Michel Foucault sah den Wandel voraus
Paris 1979: Der Philosoph Michel Foucault hält seine Vorlesung "Die Geburt der Biopolitik", eine Geschichte der Kunst des Regierens. Foucault merkt, dass ein grundlegender Wandel in der Welt vor sich geht, eine Machtergreifung, der viele erst dreißig Jahre später gewahr werden.
Michel Foucault, Philosoph
"Die Freiheit des Marktes macht eine aktive und äußerst wachsame Politik notwendig. Und ich glaube, wir können in diesem permanenten Eingreifen des Staates das Spezifische des Neoliberalismus erkennen."
Die frei entfesselte, keinen Regeln obliegende Wirtschaft, die Politik und Gesellschaft nach ihren Vorstellungen formt, das ist die neoliberale Machtergreifung, von der Foucault sprach. Er zeigte, dass der Neoliberalismus ein Herrschaftsmodell ist, das alle Institutionen der Politik und Gesellschaft umformt. Denn der Neoliberalismus ist ein Spiel zwischen Ungleichheiten, bei dem wenige gewinnen und die meisten verlieren.
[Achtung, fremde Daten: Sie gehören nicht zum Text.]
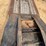 2007-viking-lowboy-image-14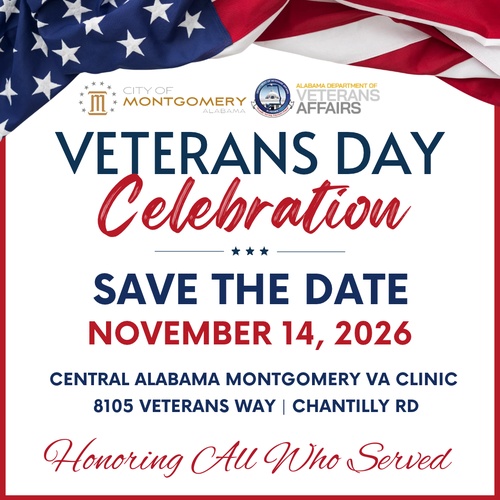 veterans_day_website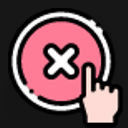 QuickBlock: Monitor or block websites  screen for extension Chrome web store in OffiDocs Chromium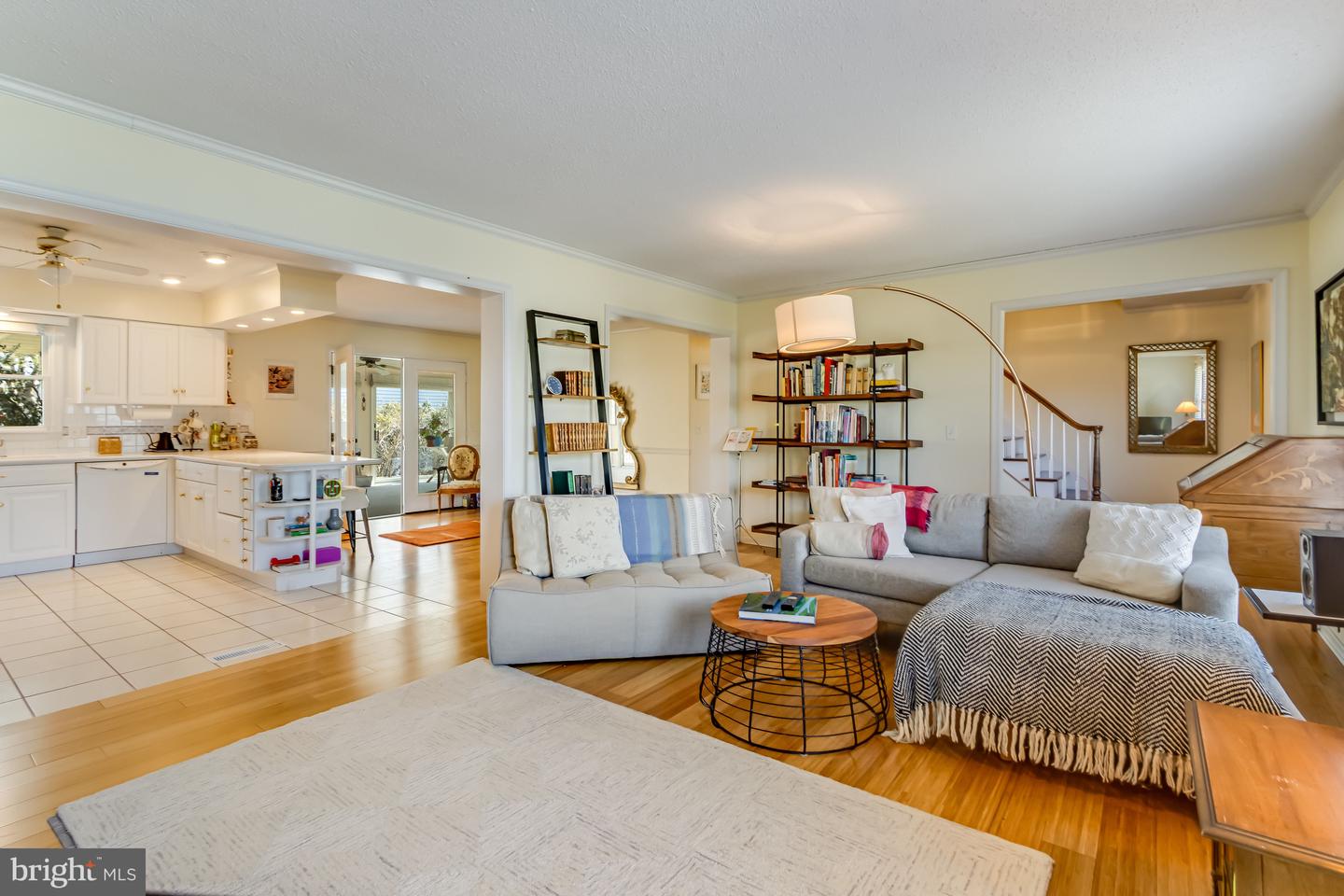 DESU2100318-804662479468-2026-03-23-11-40-52 15 Harborview Rd | Lewes, DE Real Estate For Sale | MLS# Desu2100318  - Jack Lingo REALTOR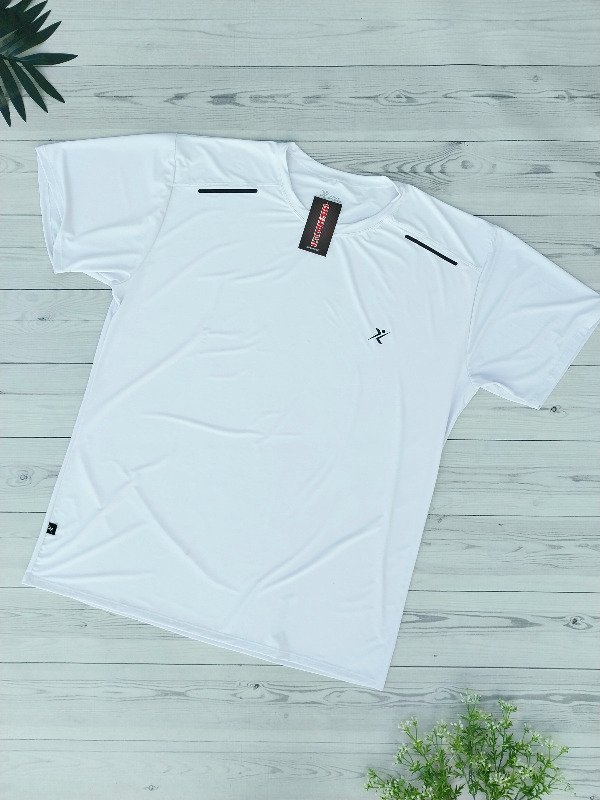 Producto - Remera lycra especial - ARMY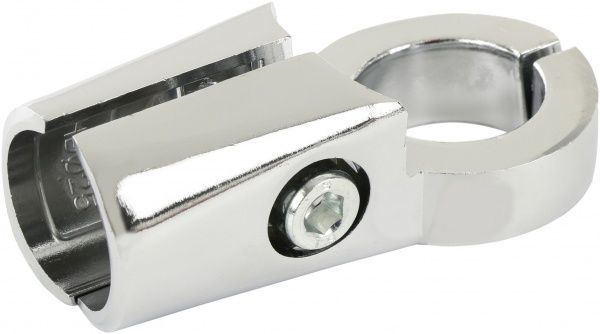 Соединение для трубы R43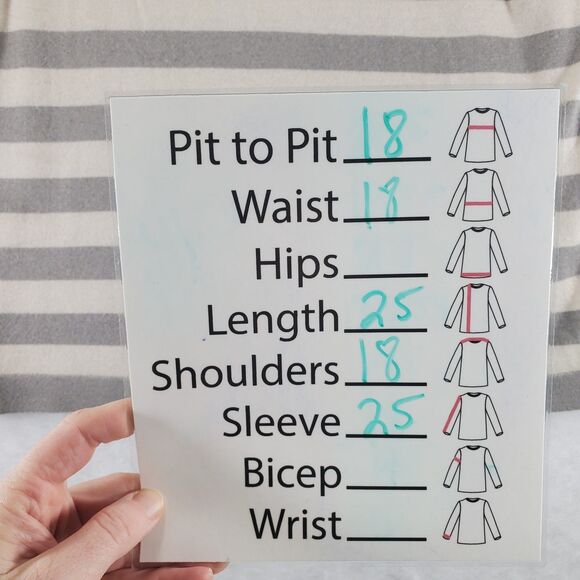 sz 42 Purotatto Silk Cashmere Knit Turtleneck Stripes Italy Italian Taupe Cream - Picture 3 of 12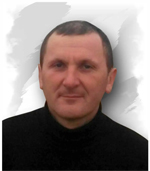 Вічна пам’ять Захисникам України, низький уклін та щирі співчуття їхнім родинам  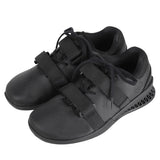 ONI STK-1 The Gold Standard of Squat Shoes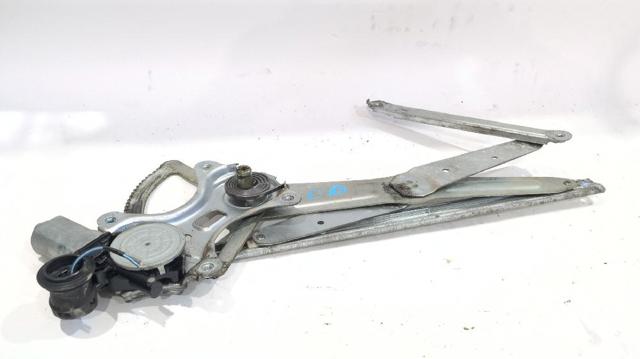 6980142050 Toyota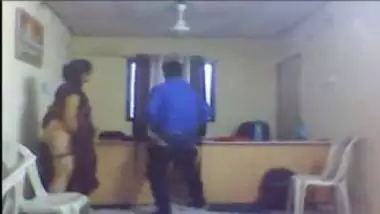 Freeporanvideo indian sex videos on Xxxindianporn.org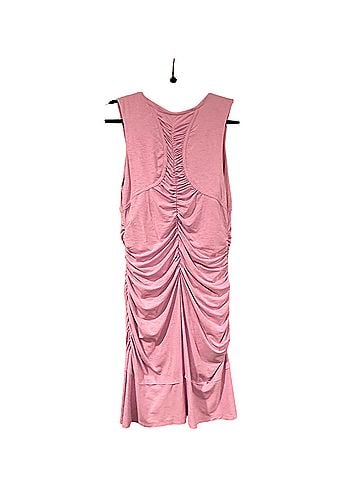 Free People free people Cocktail Dress (view 2)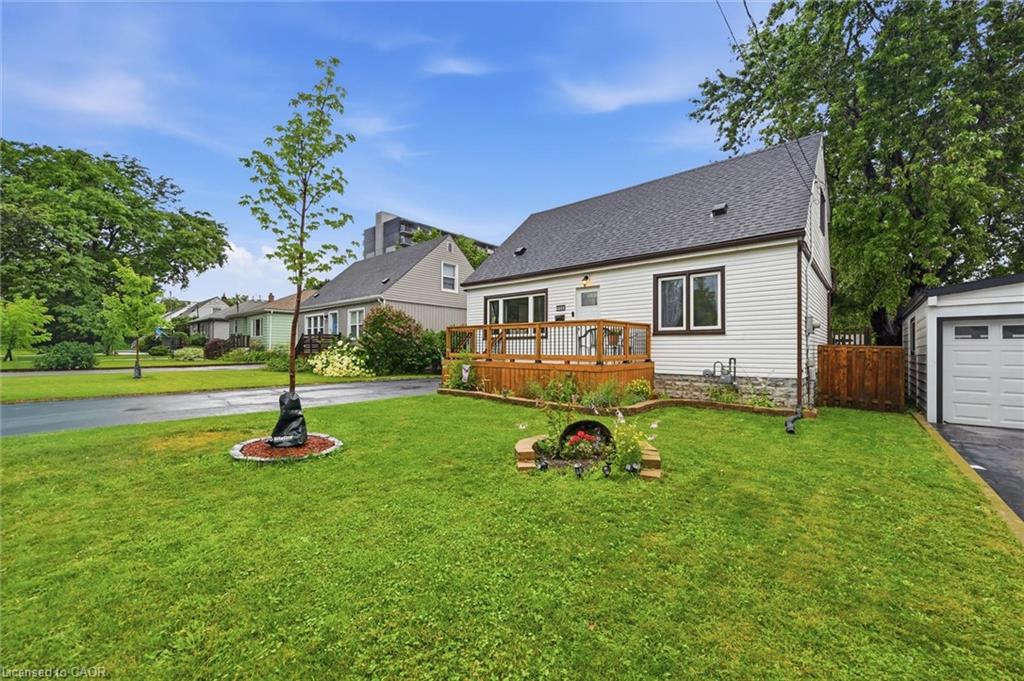 450-east-42nd-street-hamilton-ontario-40853119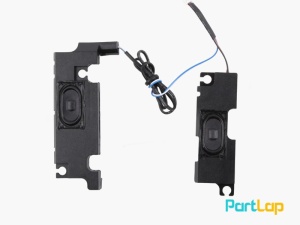 اسپیکر لپ تاپ لنوو ThinkPad T460 ، T440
Sozialabbau in ganz Europa
Durch die neoliberale Machtergreifung seit den 80er Jahren gehorchen heute fast alle Lebensbereiche den Regeln des freien Wettbewerbs und jeder ist in diesem Spiel seines eigenen Glückes Schmied, trägt privat die Risiken. Wappnet er sich nicht genügend gegen die Unwägbarkeiten des Lebens, ist er selbst schuld an seinem Untergang.
Der Neoliberalismus, den Foucault so früh als grundlegend weltverändernd erkannte, hat ab den 80er Jahren in fast allen Ländern der Welt seinen Siegeszug angetreten. Ronald Reagan in den USA, Margaret Thatcher in Großbritannien und Helmut Kohl in der Bundesrepublik haben mit ihrer antisozialen Politik nachhaltig die Gesellschaften verändert und Hunger und Armut verursacht, nicht nur in der Dritten Welt.
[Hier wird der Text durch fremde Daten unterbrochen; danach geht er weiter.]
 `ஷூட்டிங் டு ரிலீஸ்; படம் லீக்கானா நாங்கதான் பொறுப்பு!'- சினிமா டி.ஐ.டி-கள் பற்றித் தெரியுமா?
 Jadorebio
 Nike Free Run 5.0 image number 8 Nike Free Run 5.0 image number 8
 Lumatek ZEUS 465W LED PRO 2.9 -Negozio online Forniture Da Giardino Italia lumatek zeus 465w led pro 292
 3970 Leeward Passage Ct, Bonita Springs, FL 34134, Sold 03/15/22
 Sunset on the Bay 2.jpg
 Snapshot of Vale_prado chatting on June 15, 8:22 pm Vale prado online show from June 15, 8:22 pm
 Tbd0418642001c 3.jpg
Ihre sozialdemokratischen Nachfolger Tony Blair und Gerhard Schröder haben das Modell weiter vertieft und insbesondere den Finanzmarkt dereguliert. Den nutzen die neoliberalen Akteure heute, um ihre Politik durchzusetzen, ein Markt, auf dem Tausende erfundener Produkte gehandelt werden, swpas, futures und allerlei Derivate, die kaum noch mit der Realwirtschaft zu tun haben.
"Kriminelles" System
Edzard Reuter, Finanzchef bei Daimler-Benz von 1987 bis 1995
Als Reuter Finanzchef war, musste Geld noch "mündelsicher" angelegt werden. Heute sind die "mündelsicheren Papiere" nicht mehr gefragt.
"Im Spielcasino spielt man mit seinem eigenen Geld, und, wenn Sie Dostojewski lesen, am Ende erschießt man sich, wenn man's verspekuliert hat", sagt Bernd Schünemann, Münchner Professor für Wirtschaftsstrafrecht. "Heutzutage spielt man mit fremdem Geld. Die kurzfristigen Gewinne streicht man zu einem großen Teil ein - gucken Sie die Boni, die bei Goldmann Sachs usw. gezahlt werden - und wenn man verliert, haben die anderen Pech gehabt, dann springt die öffentliche Hand ein. (...) Das System ist kriminell. Und man muss dann natürlich fragen, inwieweit die Akteure das durchschaut haben."
Bernd Schünemann, Professor für Wirtschaftsstrafrecht
Bernd Schünemann verfolgt die Finanzkrisen seit vielen Jahrzehnten. Für ihn ist das Gebaren der Banker und Spekulanten ein typisches Zeichen organisierter Kriminalität.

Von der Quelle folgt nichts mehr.